Christians have taken hits in recent decades in standing for “traditional family values.”  It seems that the culture is losing interest in the traditional family.  Now, there are all flavors of families, and it seems we have no right to say that one is better than another.  Is God really concerned with this relationship? If so, why? What does the family unit have to do with the gospel, and what does that mean for my family?

Life group discussion questions after the jump!

If you’re the discussion leader for your group, have everyone open this page on their mobile device and take turns reading and asking questions.

Who remembers this speech and the media firestorm that ensued? (18 second video)

In Week 1 of this series, I described the “1950’s normal” family unit of the last century. I heard someone else describe it as “shiny, happy people.” Is that the way families in the Bible are portrayed?

In fact, can you think of a Biblical family that is “shiny, happy?”  Why do you think that is?

Paul, the writer of Romans, describes our condition without God.  He discusses God’s anger against people who “know the truth about God,” but “wouldn’t worship him.”

Romans 1:28-32
Since they thought it foolish to acknowledge God, he abandoned them to their foolish thinking and let them do things that should never be done. 29 Their lives became full of every kind of wickedness, sin, greed, hate, envy, murder, quarreling, deception, malicious behavior, and gossip. 30 They are backstabbers, haters of God, insolent, proud, and boastful. They invent new ways of sinning, and they disobey their parents. 31 They refuse to understand, break their promises, are heartless, and have no mercy. 32 They know God’s justice requires that those who do these things deserve to die, yet they do them anyway. Worse yet, they encourage others to do them, too. 

This passage clearly shows why “shiny happy people” are hard to find.

Who, exactly, is this passage describing?  (Romans 3:10 gives a pretty clear hint)

In their brokenness, as described above, the religious rulers came to Jesus with a big family unit question themselves.

Matthew 19:3
Some Pharisees came and tried to trap him with this question: “Should a man be allowed to divorce his wife for just any reason?” 

As always, Jesus was quick to respond, and pointed right back to the big issue.

Matthew 19:4-6
“Haven’t you read the Scriptures?” Jesus replied. (that’s right… He just asked the religious elite if they hadn’t read the Scriptures!)  “They record that from the beginning ‘God made them male and female.’ And he said, ‘This explains why a man leaves his father and mother and is joined to his wife, and the two are united into one.’ Since they are no longer two but one, let no one split apart what God has joined together.” 

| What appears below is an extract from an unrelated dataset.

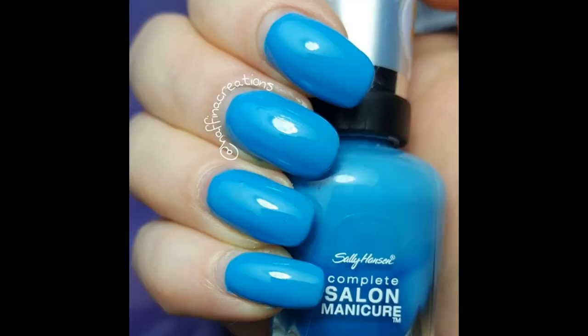Next from Sally Hansen Complete Salon Manicure we have The Skies The Limit. This is an absolutely fabulous blue — I really like this one, even though it constantly separates in the bottle. Next is Super Powered from Revlon. This is one of Polish Pony's absolute favourites — it's a dark blue with kind of pink and gold-type shimmer in it. It's from the Spider-Man Collection. I wish I had the whole collection; I've only got two of them. But I love this polish.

This is beautiful.  Jesus COULD have gotten caught up in the reasons for divorce… He COULD have gotten caught up in the issues of the death kingdom.  Instead, he pointed right back to the beginning of the family unit itself, the one moment of the REAL Kingdom fully in force here in this world.

Jesus wasn’t swayed by the little issues of this kingdom.  Why do we so easily get swayed?

What are our marriages supposed to paint a picture of?

How can we be better at that?

 

The letter of Ephesians describes for us what Christ has done for us on the cross, and who we are now becoming… It describes the gospel for us.  Specifically, Ephesians 5 describes how the gospel works out in our marriages, and in our families.  Spend a moment reading Ephesians 5:15-6:4 to see the gospel implication in our home lives.